The Roots, Hammersmith Apollo, London
Friday 26 August 2011
Few groups have the musical courage of The Roots. Philadelphia's favourite hip-hop sons approach a genre overrun with blandness and imitation, with the intelligence and precision of a mathematician, combined with an alchemist's passion for experimentation. What other group, regardless of genre, would not only employ a full-time sousaphone player but start their show with a solo from him? It's hard to imagine anyone else having the nerve, much less the talent, to make it work.
Fortunately for everyone inside the Hammersmith Apollo, the group who began life in 1987 as The Square Roots have both in abundance. It's apt that their name has changed since then: if there's one thing tonight's show isn't, it's square.

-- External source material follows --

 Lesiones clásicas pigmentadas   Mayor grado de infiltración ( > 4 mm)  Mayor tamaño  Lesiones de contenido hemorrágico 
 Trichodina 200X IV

Led by the irrepressible Black Thought's rhymes and grounded by the metronomic drumming of ?uestlove – the group's founders and sole remnants of the original lineup – The Roots mix half-a-dozen genres into a single cohesive sound. One of few hip-hop groups who play all their own instruments, their musical timing is second to none. Opener to closer, every track is a toe-tapper, filled with an innate funkiness.
"Here I Come" is especially fearsome, its heavy drum beat complimented by Black Thought's throaty vocals, which pack as much power as a heavyweight uppercut. Its immediacy and impact are staggering, able to turn a diverse, mellow crowd of knowing aficionados into a swaying mob of singalong vocals and fist pumps in seconds.

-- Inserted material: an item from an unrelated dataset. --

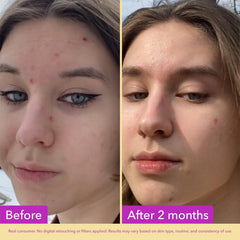 Good Molecules serum texture on hand, lightweight absorbent finish benefit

Equally impressive is the group's ability to take popular tracks – "Criminal", "The Seed 2.0", "Break You Off" – and mould them into entirely new creations, familiar in melody but not in delivery. Even more striking is the audience's reaction to such shifts: appreciating, rather than bemoaning, changes to their favourite songs.
The set nudges two hours, during which time the music never stops, one song running into the next without a mis-step or a slip-up to be heard. Questlove and percussionist F. Knuckles rattle off a stunning five-minute drum solo that eschews showiness for the tightest groove and most effortless feel this side of a Stax record.
The fact that none of this feels artificial or forced is a fitting testament to the indisputable magic The Roots create on stage.